Open app.keikaku.ai → Agents → New agent.
Give it a name, choose Self-hosted and a model (or paste a benchmark code), then click Create.
The next screen shows a ready-to-run docker run command with your token and model already baked in, and a Copy button — copy it.
Paste it into your terminal and run it. The agent dials home on its own.

For reference (the portal fills in the real AGENT_TOKEN); on Linux it includes the --add-host line so the container can reach host Ollama. There's no model in the command — the agent fetches the model you chose from the portal on connect and downloads it then, reporting progress back to the portal:

docker run -d --pull=always --name keikaku-agent --label com.docker.compose.project=keikaku --restart unless-stopped \
  --add-host=host.docker.internal:host-gateway \
  -e API_BASE_URL=https://api.keikaku.ai \
  -e AGENT_TOKEN=<from the app> \
  -e OLLAMA_URL=http://host.docker.internal:11434 \
  -p 9170:9170 \
  ghcr.io/keikaku-ai/agent:latest

What these values are — the portal sets all of them; here's what they mean:

AGENT_TOKEN — the per-agent key from the create screen. It identifies this agent to Keikaku; keep it secret (you can rotate it later).
API_BASE_URL — the Keikaku server it connects to (https://api.keikaku.ai for Cloud).
OLLAMA_URL — where the agent finds the model runtime: the Ollama you installed in step 2, running on your host at localhost:11434. From inside the container the host is host.docker.internal (the --add-host line below makes that resolve on Linux), so this stays http://host.docker.internal:11434. Verify Ollama is up: curl http://localhost:11434 should return "Ollama is running".
Model — not in the command. You pick it when you create the agent; the agent receives it on connect and pulls it into Ollama, reporting download progress to the portal. (-e MODEL=… still works as a manual override.)

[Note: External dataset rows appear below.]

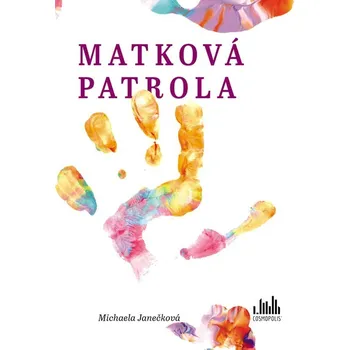 Matková patrola - Janečková Michaela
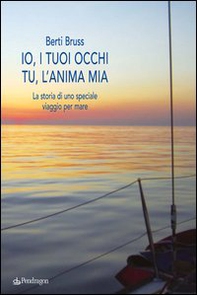 Io i tuoi occhi, tu l'anima mia. La storia di uno speciale viaggio per mare - Librerie.coop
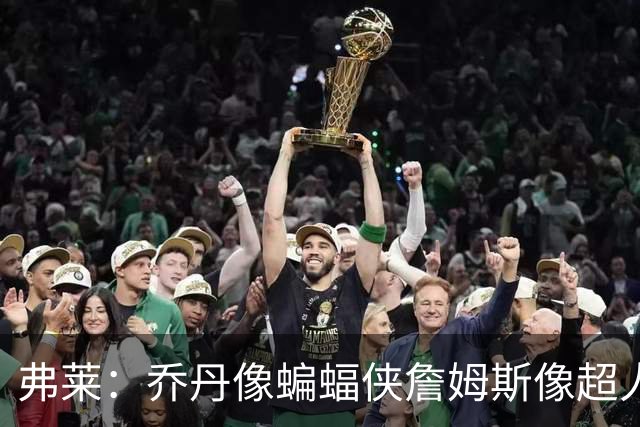 弗莱：乔丹像蝙蝠侠詹姆斯像超人 邓肯则是只在乎马刺的黑豹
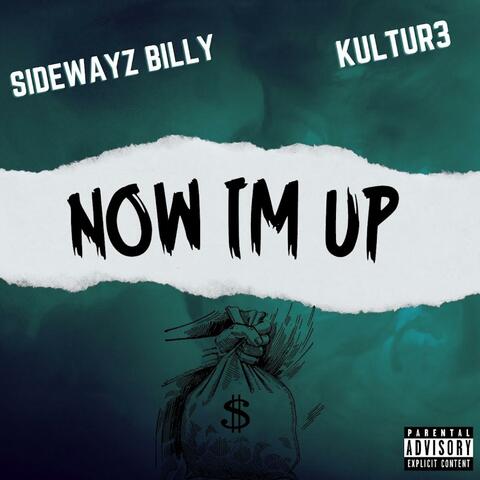 NOW IM UP (feat. Kultur3)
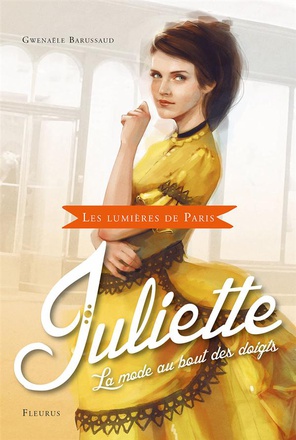LES LUMIERES DE PARIS - TOME 2 - JULIETTE, LA MODE AU BOUT DES DOIGTS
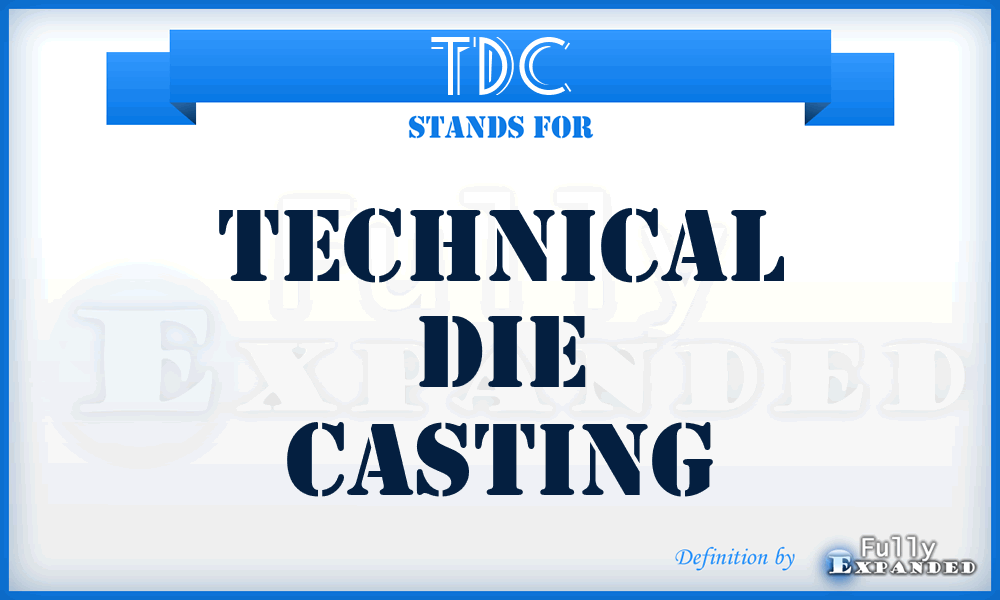 TDC - Technical Die Casting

You don't pass any GPU flag to the agent — Ollama owns the GPU; the agent just talks to it over OLLAMA_URL.

Linux difference: unlike Docker Desktop, plain Docker Engine doesn't provide host.docker.internal automatically — the --add-host=host.docker.internal:host-gateway flag (already in the app's Linux snippet) is what makes it resolve to the host.

Verify it connected

The agent shows as online in the app under Agents; the local dashboard is at http://localhost:9170. Logs:

docker logs -f keikaku-agent

Not on NVIDIA? AMD, Intel and CPU-only

This guide is written and tested against NVIDIA — that's the path we support best. Here's how the picture changes on other hardware:

AMD Radeon — works on recent cards. Ollama supports roughly the RX 6000 / 7000 series and several Radeon PRO cards via ROCm. The install script in step 2 detects the card and downloads the ROCm components for you, and the amdgpu kernel driver those cards need ships with any modern kernel — so the only change is skipping step 1 entirely. To confirm the GPU is actually being used, run a model (step 2), then in a second terminal run ollama ps — the PROCESSOR column should say 100% GPU. The exact supported-card list is in Ollama's GPU docs; unsupported Radeon cards silently fall back to CPU.
Intel (Arc or integrated graphics) — not supported. Ollama has no Intel GPU backend today, so models run on the CPU instead.
No dedicated GPU — works, slowly. Everything in this guide still functions on CPU with a small model (7B class). Fine for trying Keikaku out; expect responses to be many times slower than on a GPU.

Run multiple agents

One shared Ollama, one model in VRAM, N workers:

docker compose up -d --scale agent=3

Update / stop

docker pull ghcr.io/keikaku-ai/agent:latest && docker restart keikaku-agent
docker stop keikaku-agent      # stop
docker rm -f keikaku-agent     # remove

Headless server, no host Ollama? The app's Compose bundle has an optional gpu-ollama profile that runs Ollama in a container with GPU passthrough — for that you do need the NVIDIA Container Toolkit. Host Ollama is the simpler default.

What the agent does: it executes work generated by your models — writing files and running build/test commands inside its own container and workspace. Outbound HTTPS only (no inbound ports).